Some sacrifices were made… But the end result is a Godot project that works exactly the same, albeit with slightly worse performance. Hope this can help others in achieving tiny build sizes!
The write up has lots of hard numbers for the executable size but only describes the performance impact in general terms.
It would be good to see some before and after performance numbers.
Performance testing is a whole can of worms. It’s hard to get an idea of how performance changes because it’ll depend a lot on the nodes and scripts being used. There could be huge regressions in specific cases and functions and no difference in others. Usually you’ll need a suite of tests to see what changed.
Similar but slightly different reply to Kelly’s, not really responding to your comment on testing viability (though I don’t feel like this comment should be a top-level comment).

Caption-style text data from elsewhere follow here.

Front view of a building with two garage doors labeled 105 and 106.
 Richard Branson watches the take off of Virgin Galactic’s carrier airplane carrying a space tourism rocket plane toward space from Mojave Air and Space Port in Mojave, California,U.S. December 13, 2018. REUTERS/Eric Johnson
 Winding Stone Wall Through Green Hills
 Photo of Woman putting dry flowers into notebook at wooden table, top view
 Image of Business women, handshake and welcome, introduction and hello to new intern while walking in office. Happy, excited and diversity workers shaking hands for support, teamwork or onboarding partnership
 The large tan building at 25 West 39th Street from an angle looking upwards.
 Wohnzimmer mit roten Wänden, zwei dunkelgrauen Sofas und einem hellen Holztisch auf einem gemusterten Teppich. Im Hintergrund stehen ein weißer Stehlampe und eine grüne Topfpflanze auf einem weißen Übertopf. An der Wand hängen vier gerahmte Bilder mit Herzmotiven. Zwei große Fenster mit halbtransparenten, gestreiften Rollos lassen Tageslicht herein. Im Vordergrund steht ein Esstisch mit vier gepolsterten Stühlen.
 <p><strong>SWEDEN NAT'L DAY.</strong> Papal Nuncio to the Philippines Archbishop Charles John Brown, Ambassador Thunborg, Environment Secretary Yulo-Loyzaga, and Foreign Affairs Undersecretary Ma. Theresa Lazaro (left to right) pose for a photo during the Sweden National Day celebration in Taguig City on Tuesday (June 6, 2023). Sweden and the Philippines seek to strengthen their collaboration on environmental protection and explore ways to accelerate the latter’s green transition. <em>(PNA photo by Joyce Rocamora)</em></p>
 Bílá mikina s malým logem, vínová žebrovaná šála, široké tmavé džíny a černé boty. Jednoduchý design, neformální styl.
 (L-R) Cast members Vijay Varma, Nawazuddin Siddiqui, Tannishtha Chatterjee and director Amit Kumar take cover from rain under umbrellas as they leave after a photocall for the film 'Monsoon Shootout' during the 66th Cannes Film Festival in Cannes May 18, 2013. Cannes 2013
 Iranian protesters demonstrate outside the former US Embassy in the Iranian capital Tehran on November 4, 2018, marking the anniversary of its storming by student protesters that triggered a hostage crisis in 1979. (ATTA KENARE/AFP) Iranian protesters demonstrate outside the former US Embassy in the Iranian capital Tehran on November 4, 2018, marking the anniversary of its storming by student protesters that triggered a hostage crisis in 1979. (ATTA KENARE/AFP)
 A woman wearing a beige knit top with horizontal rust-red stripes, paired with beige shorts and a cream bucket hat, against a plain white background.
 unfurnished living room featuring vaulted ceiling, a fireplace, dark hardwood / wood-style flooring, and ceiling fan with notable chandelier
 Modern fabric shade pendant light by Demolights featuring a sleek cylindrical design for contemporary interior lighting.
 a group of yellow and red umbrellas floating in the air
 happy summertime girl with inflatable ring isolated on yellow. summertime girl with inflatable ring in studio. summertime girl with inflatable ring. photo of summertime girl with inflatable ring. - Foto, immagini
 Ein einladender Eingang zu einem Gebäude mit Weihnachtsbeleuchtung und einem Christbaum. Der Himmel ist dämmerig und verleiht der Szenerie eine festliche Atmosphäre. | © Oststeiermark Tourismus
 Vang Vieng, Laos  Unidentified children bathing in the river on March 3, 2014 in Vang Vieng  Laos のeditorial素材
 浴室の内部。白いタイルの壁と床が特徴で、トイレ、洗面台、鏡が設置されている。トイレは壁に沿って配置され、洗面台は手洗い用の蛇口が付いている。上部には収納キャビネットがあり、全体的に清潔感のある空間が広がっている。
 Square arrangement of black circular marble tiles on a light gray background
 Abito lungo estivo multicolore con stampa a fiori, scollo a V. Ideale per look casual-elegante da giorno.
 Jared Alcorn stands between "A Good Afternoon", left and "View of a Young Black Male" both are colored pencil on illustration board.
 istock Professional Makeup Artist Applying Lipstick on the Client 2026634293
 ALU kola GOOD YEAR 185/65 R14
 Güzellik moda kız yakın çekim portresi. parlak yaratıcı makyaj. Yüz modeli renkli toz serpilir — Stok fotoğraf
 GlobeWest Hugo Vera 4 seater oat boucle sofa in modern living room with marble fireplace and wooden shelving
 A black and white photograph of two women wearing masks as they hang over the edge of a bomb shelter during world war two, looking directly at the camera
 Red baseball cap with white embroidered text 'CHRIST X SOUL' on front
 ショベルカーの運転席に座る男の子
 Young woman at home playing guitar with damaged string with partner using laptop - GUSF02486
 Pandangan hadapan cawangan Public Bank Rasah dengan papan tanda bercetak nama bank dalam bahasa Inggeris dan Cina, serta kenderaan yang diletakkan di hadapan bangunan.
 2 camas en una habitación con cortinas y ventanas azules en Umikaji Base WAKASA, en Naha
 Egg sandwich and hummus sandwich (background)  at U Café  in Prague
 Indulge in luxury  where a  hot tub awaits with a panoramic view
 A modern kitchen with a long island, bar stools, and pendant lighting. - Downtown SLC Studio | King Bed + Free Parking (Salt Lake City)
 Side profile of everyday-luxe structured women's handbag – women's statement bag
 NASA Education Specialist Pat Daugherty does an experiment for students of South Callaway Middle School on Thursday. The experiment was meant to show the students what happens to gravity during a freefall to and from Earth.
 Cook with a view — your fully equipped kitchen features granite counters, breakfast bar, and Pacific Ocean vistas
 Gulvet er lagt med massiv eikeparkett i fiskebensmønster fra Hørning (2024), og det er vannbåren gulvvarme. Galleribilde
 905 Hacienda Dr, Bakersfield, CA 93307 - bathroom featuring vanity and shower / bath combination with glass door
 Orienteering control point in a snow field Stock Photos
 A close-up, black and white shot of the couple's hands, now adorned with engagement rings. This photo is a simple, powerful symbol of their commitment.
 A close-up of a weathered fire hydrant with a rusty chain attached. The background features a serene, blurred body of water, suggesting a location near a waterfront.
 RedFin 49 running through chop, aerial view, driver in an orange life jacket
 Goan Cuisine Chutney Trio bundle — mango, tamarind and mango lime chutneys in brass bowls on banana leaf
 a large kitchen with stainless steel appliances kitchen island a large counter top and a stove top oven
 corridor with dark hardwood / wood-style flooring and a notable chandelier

It seems to me that at least for opt=size, it actually did improve performance (for a basic benchmark at least) somewhat for low cost compared to no flags. I’m sure this is not as fast as opt=speed, but I would call that more of a trade-off than a sacrifice especially when also considering compilation-time to get a measure of efficiency.
At least that was my impression with Clang (which I was seeing size-optimized Clang giving decent performance but half the compilation time of default GCC). An efficient middle-ground.
EDIT: Though this was also for code (via bindings) not Godot/exports themselves, so it could be different (though I’m not sure why unless a difference of defaults).